# WHAT IS REQUIRED
Beginning at the line that holds "HAZET Druckluftratschenschrauber 9023M-1" and continuing to the last line of the data below, transcribe every line word for word, without pictures.

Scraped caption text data
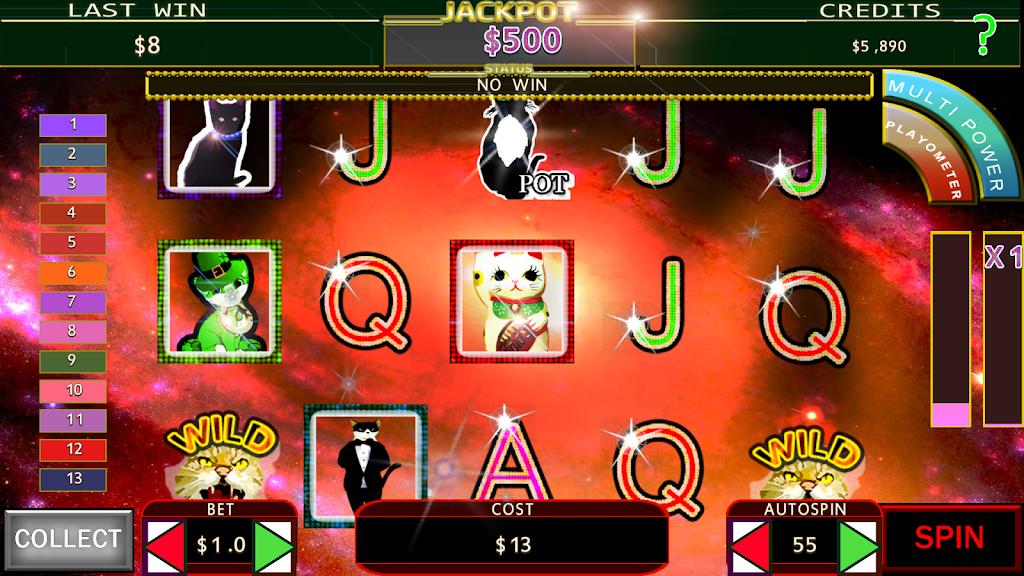 Lucky Beckoning Kitty (Maneki-Neko) FREE CAT SLOT Screenshot1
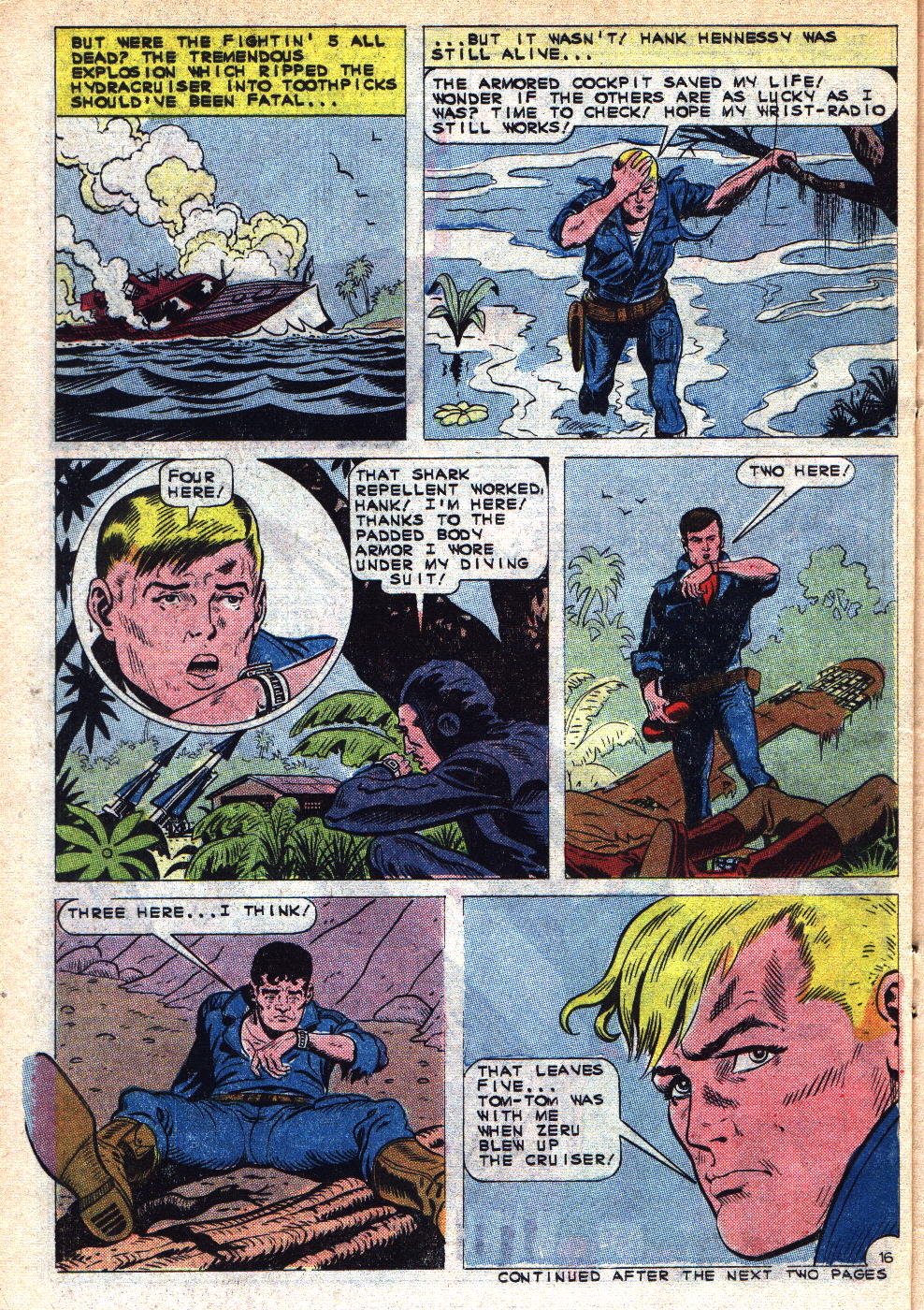 Read online The Fightin' 5 comic -  Issue #39 - 22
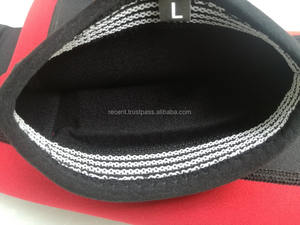 ที่ป้องกันหน้าแข้งนีโอพรีนที่ป้องกันขาและให้ความอบอุ่นพร้อมการป้องกันอย่างมืออาชีพสำหรับตะขอฝึกศิลปะการต่อสู้ & ห่วงปิด - Product Image 6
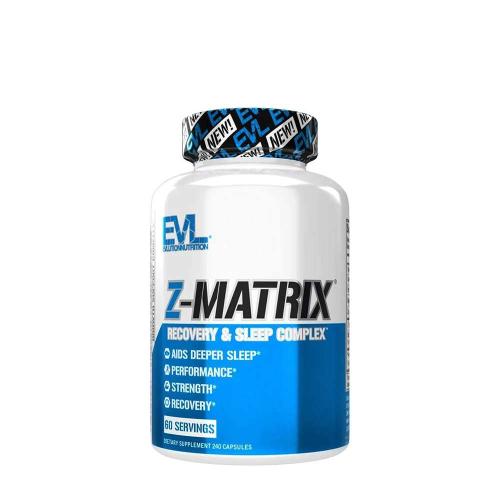 Evlution Nutrition Z-Matrix - Recovery & Sleep Complex (240 Cápsula)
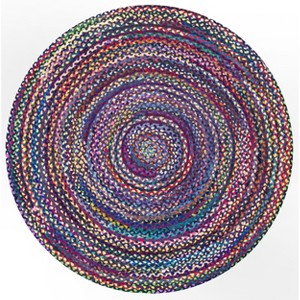 Nuloom Tammara Bohemian Hand Braided Indoor Area Rug - 1 of 4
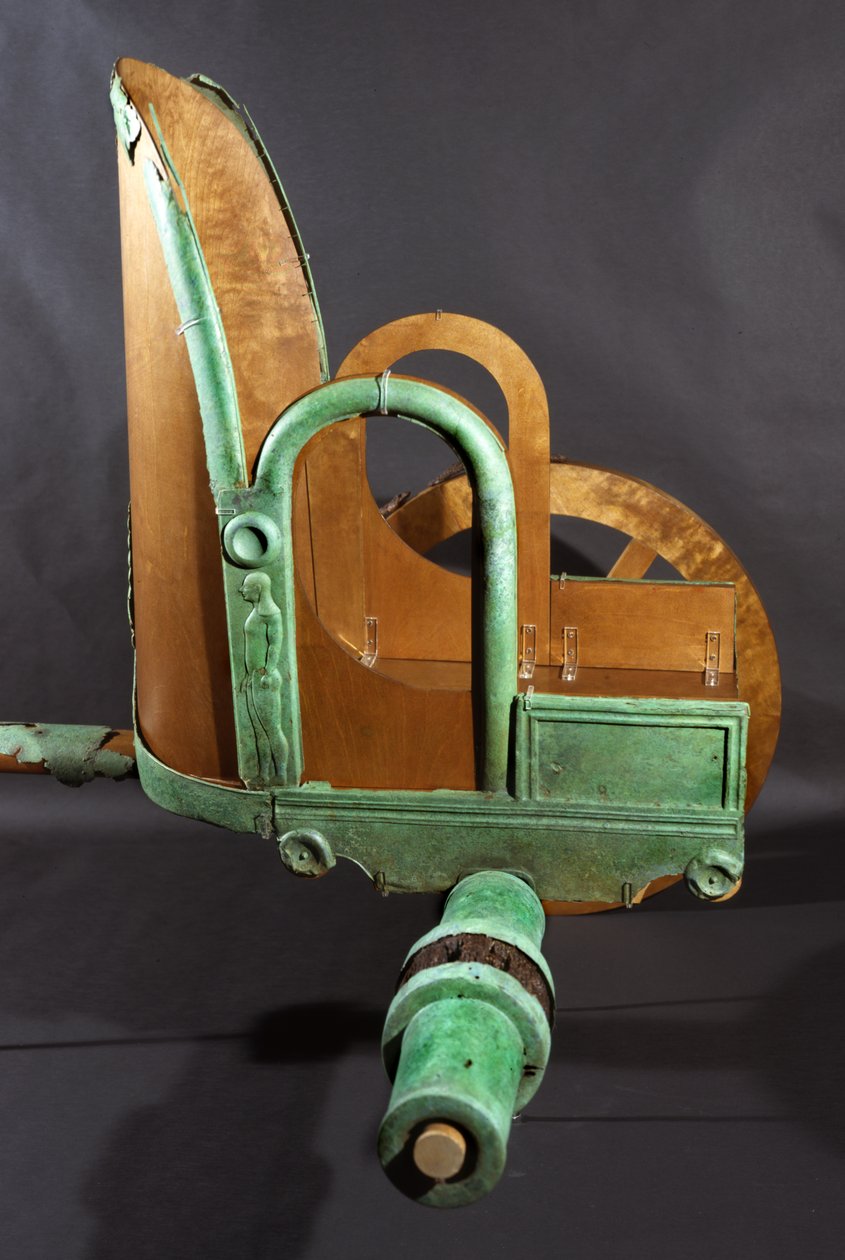 Strijdwagen uit Ischia di Castro door Etruscan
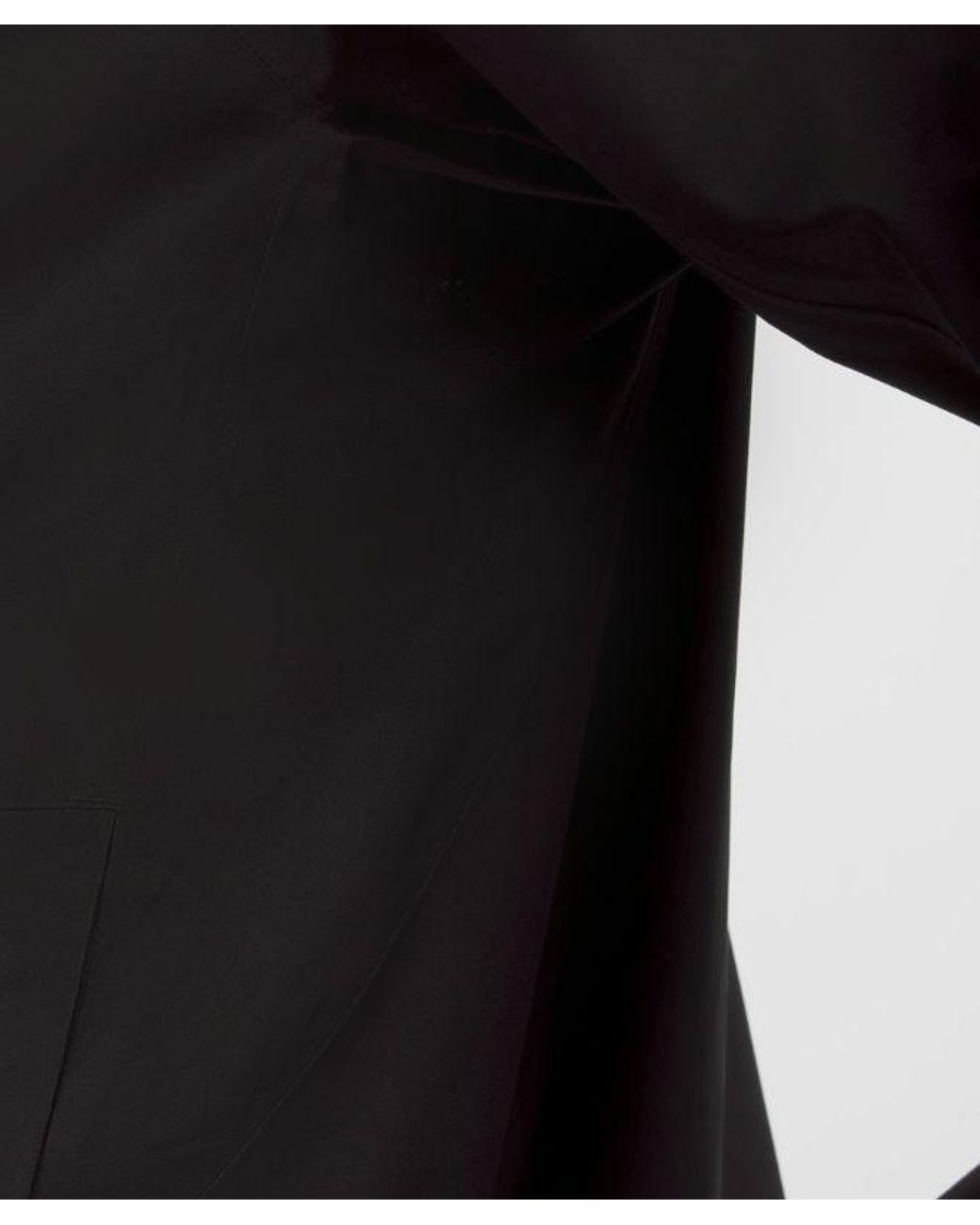 lululemon athletica Black Stretch Glyde Waterproof Jacket for men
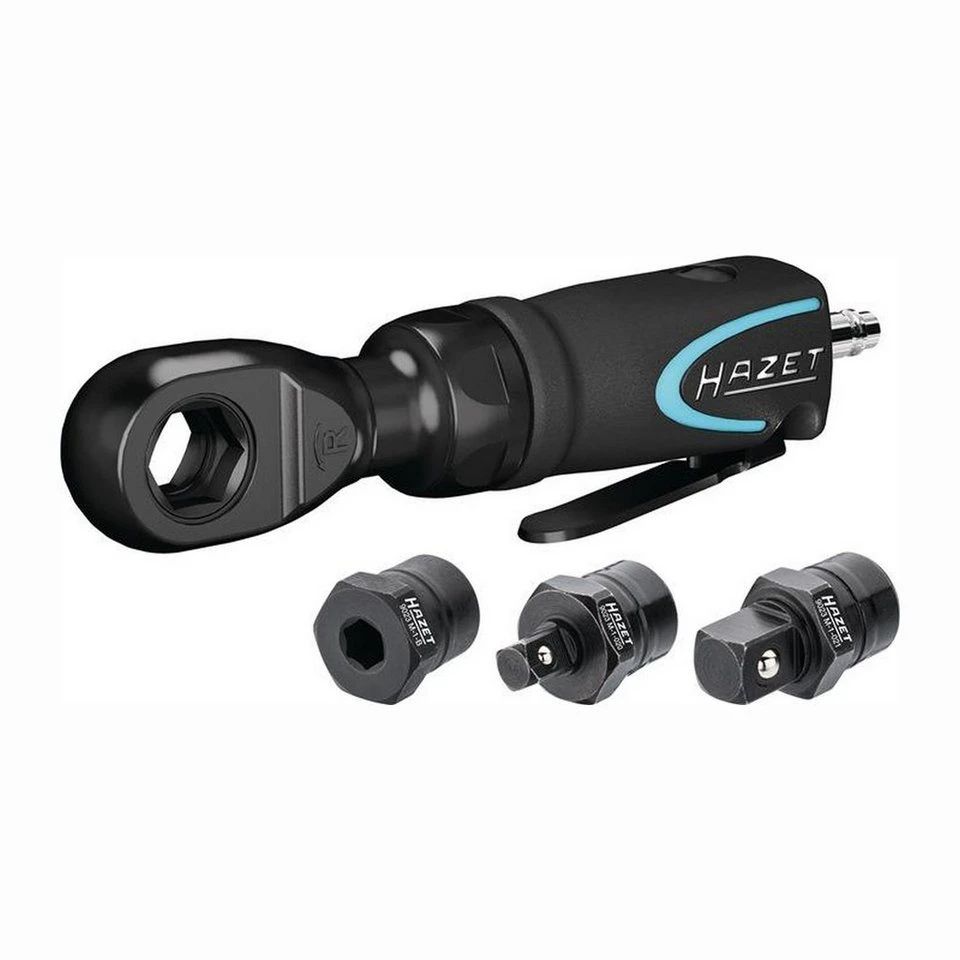 HAZET Druckluftratschenschrauber 9023M-1 17 mm Innensechskant Druckluftwerkzeug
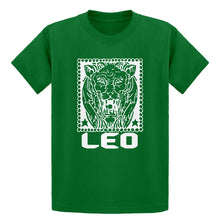 Youth Leo Zodiac Astrology Kids T-shirt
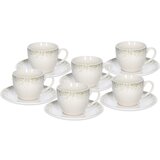 Tognana set skodelic za čaj s podstavkom Astrid 200 ml, 6 ko | Shoptok.si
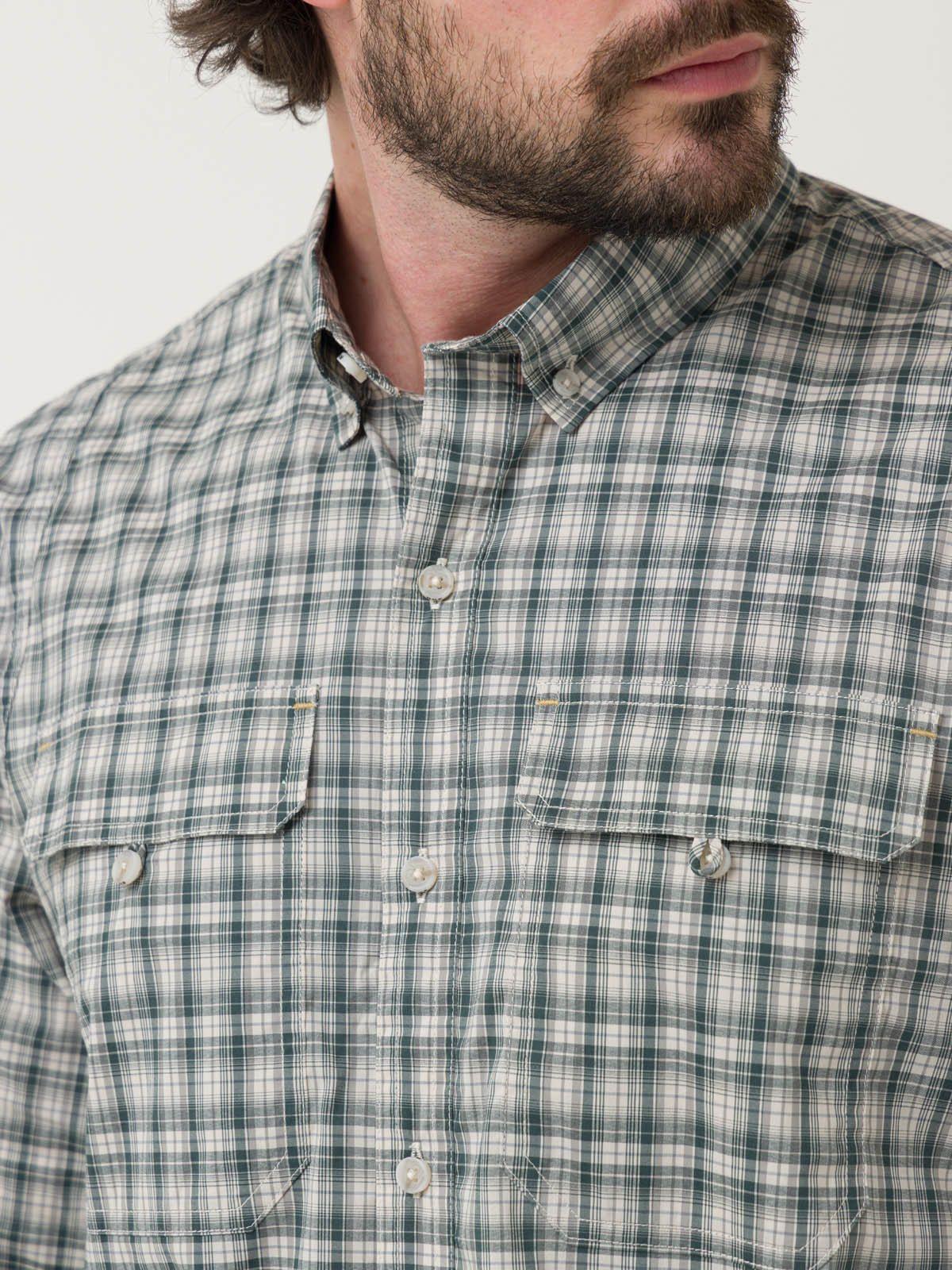 Camisa UPF 50+ Hombre Atacama Verde-7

# SOLUTION
 HAZET Druckluftratschenschrauber 9023M-1 17 mm Innensechskant Druckluftwerkzeug
 Youth Leo Zodiac Astrology Kids T-shirt
 Tognana set skodelic za čaj s podstavkom Astrid 200 ml, 6 ko | Shoptok.si
 Camisa UPF 50+ Hombre Atacama Verde-7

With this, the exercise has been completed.